The Scottish edition of the Sunday Times began its derby match report: "After a surreal pre-match stunt involving a window cleaner who is to marry his ladders at Gretna Green...."

Stuart Laundy, who married on a Friday so he could open the batting for Ingleton on the Saturday, has pitched wicket on Orkney, where he averages 92.7.

"Seven games, four 50s, three not outs. They'll be amazed in the Darlington and District League," says the 36-year-old.

Opportunities are limited, however, since any opposition must travel by boat or air. Caithness came, batted first, and were all out for 52. The islanders knocked them off in ten overs.

"There was time for a pretty good drink before the ferry went back," said Stuart, a journalist who is now head lad on The Orcadian.

Usually Orkney's cricketers play against each other, England v Scotland. England win, of course.
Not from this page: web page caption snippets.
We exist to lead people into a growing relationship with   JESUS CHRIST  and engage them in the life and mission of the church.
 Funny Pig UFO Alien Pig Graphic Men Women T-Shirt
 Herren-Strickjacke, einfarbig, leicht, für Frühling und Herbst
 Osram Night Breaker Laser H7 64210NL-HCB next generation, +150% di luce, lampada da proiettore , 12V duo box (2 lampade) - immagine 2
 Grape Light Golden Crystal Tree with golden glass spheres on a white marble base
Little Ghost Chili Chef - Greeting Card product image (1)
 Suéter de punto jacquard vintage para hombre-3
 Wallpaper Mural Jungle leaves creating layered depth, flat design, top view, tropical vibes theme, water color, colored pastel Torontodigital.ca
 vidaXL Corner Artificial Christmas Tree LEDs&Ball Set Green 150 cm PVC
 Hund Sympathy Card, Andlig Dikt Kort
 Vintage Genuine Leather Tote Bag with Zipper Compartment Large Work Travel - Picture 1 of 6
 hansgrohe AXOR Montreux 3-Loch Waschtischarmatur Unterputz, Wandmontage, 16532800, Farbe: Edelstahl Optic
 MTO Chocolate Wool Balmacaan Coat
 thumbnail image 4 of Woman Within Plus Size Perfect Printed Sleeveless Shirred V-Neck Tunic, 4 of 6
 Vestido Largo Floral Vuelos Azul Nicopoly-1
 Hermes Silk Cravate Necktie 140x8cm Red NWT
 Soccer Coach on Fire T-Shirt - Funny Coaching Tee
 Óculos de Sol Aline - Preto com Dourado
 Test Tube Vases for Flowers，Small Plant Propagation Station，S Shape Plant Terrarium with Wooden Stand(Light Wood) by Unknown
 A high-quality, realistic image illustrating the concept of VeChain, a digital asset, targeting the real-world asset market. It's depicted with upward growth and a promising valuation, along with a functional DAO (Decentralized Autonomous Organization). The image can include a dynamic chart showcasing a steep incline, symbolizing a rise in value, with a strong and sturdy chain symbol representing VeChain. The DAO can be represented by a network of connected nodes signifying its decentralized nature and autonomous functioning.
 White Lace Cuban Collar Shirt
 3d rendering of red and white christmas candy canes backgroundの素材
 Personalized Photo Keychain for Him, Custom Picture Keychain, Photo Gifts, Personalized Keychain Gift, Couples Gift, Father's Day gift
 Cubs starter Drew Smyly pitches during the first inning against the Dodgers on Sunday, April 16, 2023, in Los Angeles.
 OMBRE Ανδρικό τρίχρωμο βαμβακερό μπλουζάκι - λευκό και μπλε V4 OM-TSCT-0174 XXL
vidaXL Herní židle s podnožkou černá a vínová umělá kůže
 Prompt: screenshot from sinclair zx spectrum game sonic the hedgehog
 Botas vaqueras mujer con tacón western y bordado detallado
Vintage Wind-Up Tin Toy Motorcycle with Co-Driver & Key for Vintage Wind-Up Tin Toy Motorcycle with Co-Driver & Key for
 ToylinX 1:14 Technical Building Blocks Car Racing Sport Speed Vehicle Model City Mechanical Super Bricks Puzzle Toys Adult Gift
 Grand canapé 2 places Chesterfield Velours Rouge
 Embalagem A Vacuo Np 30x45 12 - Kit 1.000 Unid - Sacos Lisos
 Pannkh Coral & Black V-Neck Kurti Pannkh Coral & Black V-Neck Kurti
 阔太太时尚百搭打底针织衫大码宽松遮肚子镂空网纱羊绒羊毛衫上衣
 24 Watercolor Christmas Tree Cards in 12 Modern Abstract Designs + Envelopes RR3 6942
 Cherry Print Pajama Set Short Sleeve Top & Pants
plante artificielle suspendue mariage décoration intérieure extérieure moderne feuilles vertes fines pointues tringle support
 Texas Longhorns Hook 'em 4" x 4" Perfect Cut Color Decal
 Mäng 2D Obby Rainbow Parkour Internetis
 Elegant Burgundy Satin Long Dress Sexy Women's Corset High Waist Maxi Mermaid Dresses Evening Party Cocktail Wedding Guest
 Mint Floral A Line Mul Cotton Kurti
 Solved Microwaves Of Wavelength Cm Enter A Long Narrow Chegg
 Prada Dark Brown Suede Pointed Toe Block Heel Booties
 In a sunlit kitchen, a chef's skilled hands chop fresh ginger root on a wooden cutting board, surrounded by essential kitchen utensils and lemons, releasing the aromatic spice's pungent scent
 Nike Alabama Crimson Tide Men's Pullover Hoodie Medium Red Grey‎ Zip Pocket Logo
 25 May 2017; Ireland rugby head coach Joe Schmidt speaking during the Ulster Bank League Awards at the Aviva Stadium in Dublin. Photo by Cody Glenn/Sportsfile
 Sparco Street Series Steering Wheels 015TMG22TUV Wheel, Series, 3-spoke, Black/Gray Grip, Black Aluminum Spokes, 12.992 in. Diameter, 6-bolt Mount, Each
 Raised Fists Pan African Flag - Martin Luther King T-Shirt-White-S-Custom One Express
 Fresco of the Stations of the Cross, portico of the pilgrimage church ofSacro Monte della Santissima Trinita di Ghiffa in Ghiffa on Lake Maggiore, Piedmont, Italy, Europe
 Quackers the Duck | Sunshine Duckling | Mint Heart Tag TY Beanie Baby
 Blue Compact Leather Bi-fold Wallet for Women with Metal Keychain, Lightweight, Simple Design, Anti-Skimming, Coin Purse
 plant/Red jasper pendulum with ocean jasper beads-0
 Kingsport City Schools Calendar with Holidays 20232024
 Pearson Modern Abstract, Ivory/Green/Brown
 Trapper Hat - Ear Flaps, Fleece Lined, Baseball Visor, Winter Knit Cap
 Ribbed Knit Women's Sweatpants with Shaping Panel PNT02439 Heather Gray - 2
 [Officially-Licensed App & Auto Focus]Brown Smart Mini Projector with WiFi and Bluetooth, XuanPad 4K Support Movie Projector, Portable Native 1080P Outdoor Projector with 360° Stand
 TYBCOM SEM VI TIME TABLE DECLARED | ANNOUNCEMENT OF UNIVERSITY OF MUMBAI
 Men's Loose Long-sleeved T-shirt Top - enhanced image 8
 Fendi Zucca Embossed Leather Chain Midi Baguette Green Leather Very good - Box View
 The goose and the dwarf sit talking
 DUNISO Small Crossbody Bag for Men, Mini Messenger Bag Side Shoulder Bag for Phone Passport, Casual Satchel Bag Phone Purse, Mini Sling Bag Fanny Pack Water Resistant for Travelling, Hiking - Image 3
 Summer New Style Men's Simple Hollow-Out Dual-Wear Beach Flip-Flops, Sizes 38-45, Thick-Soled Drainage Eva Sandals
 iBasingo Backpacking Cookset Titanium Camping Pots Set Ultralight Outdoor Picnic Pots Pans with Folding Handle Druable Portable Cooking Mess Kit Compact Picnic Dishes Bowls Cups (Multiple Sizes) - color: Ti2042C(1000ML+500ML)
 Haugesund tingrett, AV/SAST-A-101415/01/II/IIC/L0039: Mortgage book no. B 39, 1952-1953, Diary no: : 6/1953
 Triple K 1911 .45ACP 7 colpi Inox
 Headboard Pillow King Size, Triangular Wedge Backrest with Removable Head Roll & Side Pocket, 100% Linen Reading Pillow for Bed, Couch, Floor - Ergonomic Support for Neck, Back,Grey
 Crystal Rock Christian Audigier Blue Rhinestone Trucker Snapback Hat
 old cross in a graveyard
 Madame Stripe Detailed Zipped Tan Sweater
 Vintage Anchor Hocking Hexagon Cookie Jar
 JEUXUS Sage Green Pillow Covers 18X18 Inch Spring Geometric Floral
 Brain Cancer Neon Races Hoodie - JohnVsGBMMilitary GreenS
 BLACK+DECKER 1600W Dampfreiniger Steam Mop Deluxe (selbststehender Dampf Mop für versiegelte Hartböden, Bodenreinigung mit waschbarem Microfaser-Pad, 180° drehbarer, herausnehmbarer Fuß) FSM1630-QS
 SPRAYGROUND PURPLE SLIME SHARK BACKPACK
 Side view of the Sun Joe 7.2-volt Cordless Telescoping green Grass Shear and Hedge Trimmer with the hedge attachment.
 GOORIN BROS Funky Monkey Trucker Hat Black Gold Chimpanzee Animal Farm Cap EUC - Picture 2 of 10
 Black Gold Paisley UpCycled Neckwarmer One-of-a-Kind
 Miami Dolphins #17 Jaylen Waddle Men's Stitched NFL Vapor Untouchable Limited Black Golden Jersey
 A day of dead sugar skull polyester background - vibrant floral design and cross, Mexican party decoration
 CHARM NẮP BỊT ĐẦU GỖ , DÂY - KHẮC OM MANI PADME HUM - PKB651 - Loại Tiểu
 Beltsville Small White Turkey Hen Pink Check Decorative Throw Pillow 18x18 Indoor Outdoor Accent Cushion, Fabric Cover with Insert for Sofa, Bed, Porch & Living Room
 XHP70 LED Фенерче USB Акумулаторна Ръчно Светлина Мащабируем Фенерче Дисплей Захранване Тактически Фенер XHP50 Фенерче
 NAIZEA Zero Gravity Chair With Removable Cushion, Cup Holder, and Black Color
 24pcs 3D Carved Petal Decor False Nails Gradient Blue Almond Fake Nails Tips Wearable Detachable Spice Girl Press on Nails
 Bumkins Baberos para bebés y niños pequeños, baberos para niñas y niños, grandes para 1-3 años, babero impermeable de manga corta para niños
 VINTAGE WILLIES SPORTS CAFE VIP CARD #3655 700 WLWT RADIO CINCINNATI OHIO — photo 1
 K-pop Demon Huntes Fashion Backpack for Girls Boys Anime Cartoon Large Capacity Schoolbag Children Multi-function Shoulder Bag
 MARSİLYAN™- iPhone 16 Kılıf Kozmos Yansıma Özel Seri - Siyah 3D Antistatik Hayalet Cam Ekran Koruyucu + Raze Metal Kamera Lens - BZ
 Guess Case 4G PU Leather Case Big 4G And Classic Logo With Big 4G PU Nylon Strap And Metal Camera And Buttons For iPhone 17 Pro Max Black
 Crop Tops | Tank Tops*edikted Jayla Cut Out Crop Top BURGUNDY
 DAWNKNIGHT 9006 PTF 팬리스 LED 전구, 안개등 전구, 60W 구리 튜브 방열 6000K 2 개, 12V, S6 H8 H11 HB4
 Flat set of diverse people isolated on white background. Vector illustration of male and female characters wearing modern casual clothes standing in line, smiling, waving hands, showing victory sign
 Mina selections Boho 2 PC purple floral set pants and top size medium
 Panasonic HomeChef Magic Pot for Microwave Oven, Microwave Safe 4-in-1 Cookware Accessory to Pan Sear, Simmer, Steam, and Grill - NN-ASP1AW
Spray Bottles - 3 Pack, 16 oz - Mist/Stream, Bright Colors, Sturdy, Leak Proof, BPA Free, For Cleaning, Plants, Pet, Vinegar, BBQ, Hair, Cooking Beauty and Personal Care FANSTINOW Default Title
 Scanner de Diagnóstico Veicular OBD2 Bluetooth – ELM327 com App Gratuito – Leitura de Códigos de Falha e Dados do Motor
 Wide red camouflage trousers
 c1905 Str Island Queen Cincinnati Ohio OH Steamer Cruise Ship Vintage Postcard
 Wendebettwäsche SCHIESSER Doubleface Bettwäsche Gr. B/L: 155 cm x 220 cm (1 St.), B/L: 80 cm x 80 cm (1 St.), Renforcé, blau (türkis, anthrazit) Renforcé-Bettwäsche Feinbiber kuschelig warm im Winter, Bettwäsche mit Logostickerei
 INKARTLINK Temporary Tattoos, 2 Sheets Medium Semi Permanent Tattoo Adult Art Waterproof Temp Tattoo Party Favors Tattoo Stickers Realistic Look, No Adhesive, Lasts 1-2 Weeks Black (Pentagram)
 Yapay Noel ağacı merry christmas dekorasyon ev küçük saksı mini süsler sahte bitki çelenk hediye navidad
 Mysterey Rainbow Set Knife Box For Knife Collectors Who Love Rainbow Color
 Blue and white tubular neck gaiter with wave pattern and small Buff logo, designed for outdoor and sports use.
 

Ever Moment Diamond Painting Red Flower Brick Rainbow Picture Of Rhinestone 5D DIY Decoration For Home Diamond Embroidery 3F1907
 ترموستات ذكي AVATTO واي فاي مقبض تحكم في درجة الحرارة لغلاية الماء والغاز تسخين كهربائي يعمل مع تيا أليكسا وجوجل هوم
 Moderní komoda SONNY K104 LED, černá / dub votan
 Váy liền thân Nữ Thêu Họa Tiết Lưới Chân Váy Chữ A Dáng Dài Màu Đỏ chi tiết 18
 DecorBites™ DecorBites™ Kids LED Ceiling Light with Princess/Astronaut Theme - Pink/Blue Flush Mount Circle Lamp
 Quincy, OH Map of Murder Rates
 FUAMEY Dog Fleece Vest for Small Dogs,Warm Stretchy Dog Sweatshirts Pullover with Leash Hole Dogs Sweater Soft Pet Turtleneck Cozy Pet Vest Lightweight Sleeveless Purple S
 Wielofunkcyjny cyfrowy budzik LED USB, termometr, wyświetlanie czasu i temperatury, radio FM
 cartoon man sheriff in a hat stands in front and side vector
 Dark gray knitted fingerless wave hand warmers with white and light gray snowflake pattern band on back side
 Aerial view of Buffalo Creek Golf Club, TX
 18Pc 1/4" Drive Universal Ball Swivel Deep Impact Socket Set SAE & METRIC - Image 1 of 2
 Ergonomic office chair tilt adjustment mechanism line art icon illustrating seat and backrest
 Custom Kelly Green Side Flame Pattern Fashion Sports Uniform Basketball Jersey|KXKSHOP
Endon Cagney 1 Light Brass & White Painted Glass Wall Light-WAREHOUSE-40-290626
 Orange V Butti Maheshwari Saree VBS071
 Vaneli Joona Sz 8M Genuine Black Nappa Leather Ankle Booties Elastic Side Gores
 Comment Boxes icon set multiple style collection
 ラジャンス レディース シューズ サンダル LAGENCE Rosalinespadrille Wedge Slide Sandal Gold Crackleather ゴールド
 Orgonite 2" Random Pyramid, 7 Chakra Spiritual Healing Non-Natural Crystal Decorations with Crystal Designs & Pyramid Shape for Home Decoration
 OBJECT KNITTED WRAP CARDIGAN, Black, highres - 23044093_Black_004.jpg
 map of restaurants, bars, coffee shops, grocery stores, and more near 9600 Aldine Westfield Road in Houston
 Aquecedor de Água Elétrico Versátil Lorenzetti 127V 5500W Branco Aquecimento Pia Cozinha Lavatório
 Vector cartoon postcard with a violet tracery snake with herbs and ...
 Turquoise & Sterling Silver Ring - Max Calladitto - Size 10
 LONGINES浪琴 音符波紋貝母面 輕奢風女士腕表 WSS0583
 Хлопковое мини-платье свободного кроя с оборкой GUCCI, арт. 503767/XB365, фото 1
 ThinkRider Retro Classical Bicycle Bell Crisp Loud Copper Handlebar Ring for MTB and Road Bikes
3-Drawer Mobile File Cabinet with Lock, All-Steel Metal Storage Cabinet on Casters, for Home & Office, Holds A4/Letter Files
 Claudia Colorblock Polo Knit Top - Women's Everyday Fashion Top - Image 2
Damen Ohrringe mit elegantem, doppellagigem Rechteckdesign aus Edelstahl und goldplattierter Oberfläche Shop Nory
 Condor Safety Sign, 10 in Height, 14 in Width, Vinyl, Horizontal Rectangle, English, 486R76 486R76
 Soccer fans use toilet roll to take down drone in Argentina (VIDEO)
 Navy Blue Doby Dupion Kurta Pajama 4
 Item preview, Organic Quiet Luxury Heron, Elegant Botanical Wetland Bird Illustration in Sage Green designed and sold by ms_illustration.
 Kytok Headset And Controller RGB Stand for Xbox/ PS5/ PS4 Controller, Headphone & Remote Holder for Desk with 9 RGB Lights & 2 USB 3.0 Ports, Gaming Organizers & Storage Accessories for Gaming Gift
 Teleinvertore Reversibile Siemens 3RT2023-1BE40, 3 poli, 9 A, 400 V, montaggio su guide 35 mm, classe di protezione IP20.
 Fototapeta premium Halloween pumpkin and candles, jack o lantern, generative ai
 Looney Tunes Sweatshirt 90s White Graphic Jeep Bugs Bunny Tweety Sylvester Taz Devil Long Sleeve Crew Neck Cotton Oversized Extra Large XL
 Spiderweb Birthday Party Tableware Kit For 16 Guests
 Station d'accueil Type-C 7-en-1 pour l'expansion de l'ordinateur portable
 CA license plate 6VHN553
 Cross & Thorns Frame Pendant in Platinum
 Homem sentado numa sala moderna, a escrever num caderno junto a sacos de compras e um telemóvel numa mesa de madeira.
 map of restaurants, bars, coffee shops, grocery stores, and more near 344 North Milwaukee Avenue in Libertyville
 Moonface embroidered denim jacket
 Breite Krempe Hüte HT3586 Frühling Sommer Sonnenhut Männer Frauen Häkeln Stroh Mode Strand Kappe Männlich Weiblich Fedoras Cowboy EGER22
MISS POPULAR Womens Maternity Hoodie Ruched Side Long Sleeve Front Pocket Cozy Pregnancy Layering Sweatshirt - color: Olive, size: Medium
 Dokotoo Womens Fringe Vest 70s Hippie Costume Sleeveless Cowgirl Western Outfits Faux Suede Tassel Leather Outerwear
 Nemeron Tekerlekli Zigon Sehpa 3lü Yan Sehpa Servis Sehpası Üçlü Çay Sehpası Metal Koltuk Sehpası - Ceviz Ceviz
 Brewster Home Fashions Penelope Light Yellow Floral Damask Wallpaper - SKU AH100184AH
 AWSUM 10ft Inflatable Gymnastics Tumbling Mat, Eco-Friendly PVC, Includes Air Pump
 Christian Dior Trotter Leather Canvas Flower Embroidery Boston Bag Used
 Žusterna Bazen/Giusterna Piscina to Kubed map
Early September, we met in a pub in Kirkwall where the juke box persistently played The Pogues' Christmas in New York as a reminder that Orkney's dark nights draw dramatically in. Much more of how Stuart landed on Orkney in the John North column on Thursday.

Much excitement on the Island of Lewis, meanwhile, where for the first time two local sides were contesting the final of the Highland FA Cup and last week's Stornoway Gazette devoted an eight page pull-out to the occasion. Early rounds are now regionalised after an Orkney team were drawn on Lewis in a game watched by a man and several hundred sheep and were obliged to charter a plane to get there. It cost them £2000.

Another drop in the ocean, the October issue of Winger magazine reports on the football section of the Island Games, claimed to follow the Corinthian ideal that competing is more important than winning.

It was perhaps unfortunate, therefore, that Rhodes had two men red carded against Guernsey, that the other nine had to be ordered to return to the pitch by a Greek Orthodox priest, and that three others were subsequently sent off. Six to go, the match was abandoned.

Fifteen teams, including Orkney, entered the competition for teams with a population of under 200,000. Sark, which has 500, lost 19-0 to Gibraltar - which may not be an island at all - 20-0 to the Isle of Wight and 16-0 to Greenland before bottoming out in the last place play-off, losing 15-0 to Froya.

The next Games will be on the Shetlands in 2005. Distance and a lack of match practice, says Winger, may make Sark's continued participation improbable. Rhodes may simply be chucked out.

Southbound on Saturday, we looked into Alnwick where Bob Johnson - Tyne Tees Television weather man and king of Hearts fans - also watched the Albany Northern League match with Murton.

"Hearts haven't a match," he said.

A couple of weeks earlier, Bob and grandson Calum had been to Berwick v Stranraer, where sticks of celery where thrown at the visitors as they took the field.

"Apparently it's tradition, but I've no idea why," said the friendly forecaster. Green fingered readers may be able to explain.

Still homeward, we looked that evening into Coxhoe Cricket Club's reunion and the chance of another chat with 78-year-old Fred Richardson - Hartlepools' centre forward when United had an 's' on the end.

Fred, said Ronnie Taylor, would also have made a very good cricketer - "them great big shoulders" - if it hadn't been so hard to get him out of the workmen's club on summer Saturdays.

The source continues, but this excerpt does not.